In March 1987 Daniel Morgan, Isabel's son, was found in a carpark in Sydenham with an axe buried in his head. It was immediately apparent to the Morgan family that the murder investigation which followed was crippled by police corruption.
From that day to this they have lobbied and pleaded with high ranking police officers, politicians of all shades and the media for justice. The Morgan family have been lied to and let down time and again and they describe the experience as nothing short of torture. As a result of their fight the investigation into Daniel's murder has been reopened four times, it has also collapsed four times.
Through these investigations numerous links between the London Police, the News of the World and London's gang-land activity have been uncovered. The crimes that are alleged from phone-tapping to harassing witnesses to drug dealing to murder are so numerous and extensive that we do not know how far the web of corruption spreads. However, one cold fact remains for Isabel. She still does not know who murdered her son. Nobody has ever been brought to justice.
Early last year at the Metropolitan Police Authority, I was successful in getting unanimous support for a motion which stated that a judicial inquiry into the murder of Daniel Morgan was the only realistic way forward for the family. I wrote to the Home Secretary along with the Morgan family urging that a judicial inquiry was the one option left to shed light on the whole complex and murky background of the case.
The Home Secretary replied saying that there is already an internal review being compiled about police corruption arising out of the News of the World phone hacking scandal.
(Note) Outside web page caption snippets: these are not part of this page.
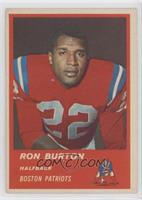 Ron Burton [Good to VG‑EX]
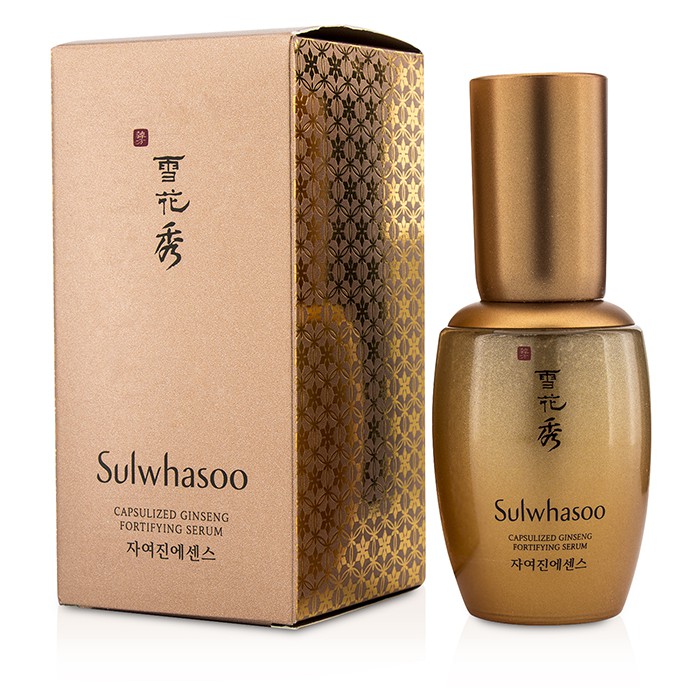 Sulwhasoo Capsulized Ginseng Fortifying Serum 50ml/1.7ozProduct Thumbnail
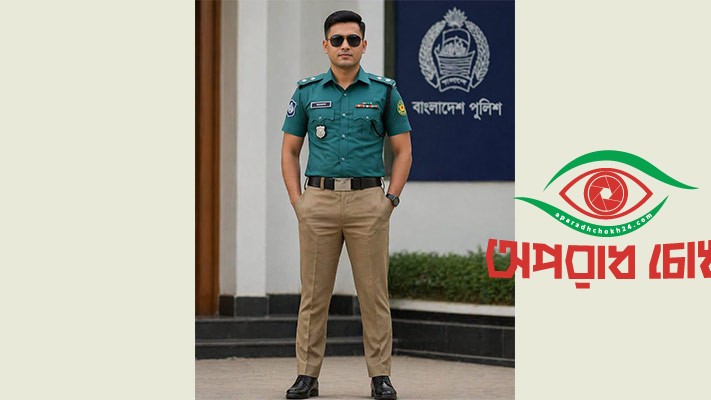 পুলিশের ইউনিফর্মে ফিরছে ‘খাকি’
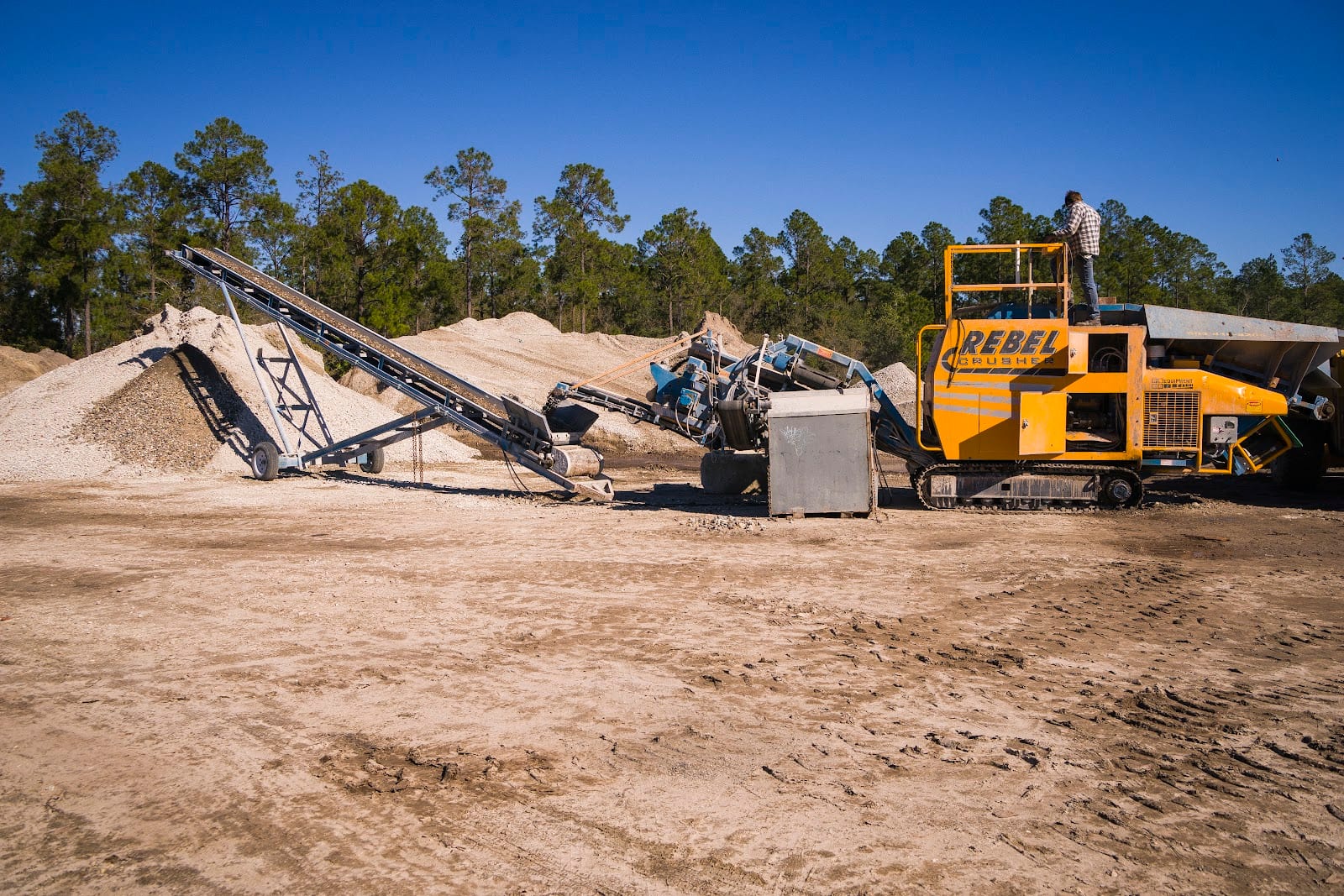 Concrete Specialist, Inc.
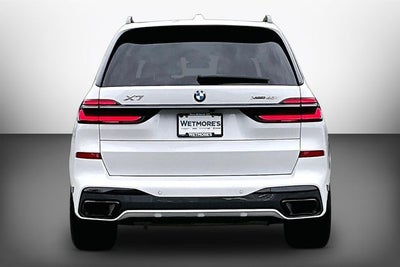 2024 BMW X7 xDrive40i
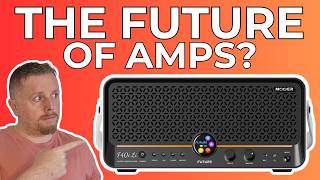 Mooer F40i Intelligent Amp | First Look and Demo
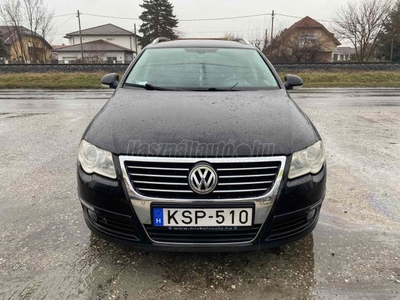 VOLKSWAGEN PASSAT VI Variant 2.0 PD TDI Highline 4Motion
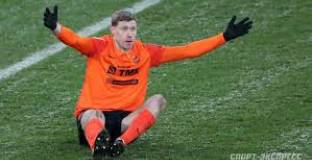 ЦСКА Москва - Урал 2:2 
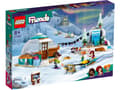 Miniatyrbild 2 av 5: LEGO Friends 41760 Vinteräventyr med igloo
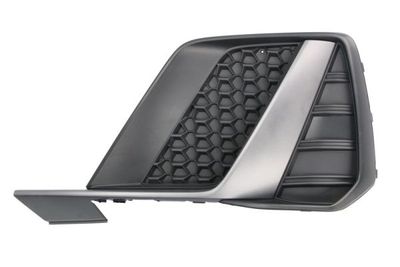 Ventilation Grille, bumper BLIC 6502-07-0047929P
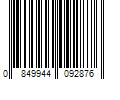 Barcode Image for UPC code 0849944092876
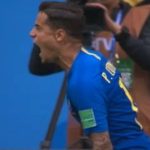 Gol de Philippe Coutinho- Brasil vs Costa Rica 1-0 Mundial 2018
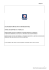 Allegato A - Standard Formativo e Professionale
She said "Subject to what arises from that review, I would need to give thought to what any inquiry would achieve."
And that is what brought Isabel all the way from Wales yesterday. She wants to speak to the Home Secretary, to make her case face-to-face, to tell her exactly what an inquiry would achieve; light on a web of police corruption that needs more than an internal review, truth about what actually happened to Daniel, and justice for a family who have been campaigning for almost 25 years.
There is no greater testament to the strength of Isabel and the Morgan family that despite the numerous times they have been told 'no' by police detectives and commissioners by officials and politicians they never stop fighting. The Morgan family need Home Secretary to initiate this independent judicial inquiry and so do we. Their fight is our fight. The corruption and sickness within the system that has been unearthed by Daniel's murder needs to exposed and eradicated.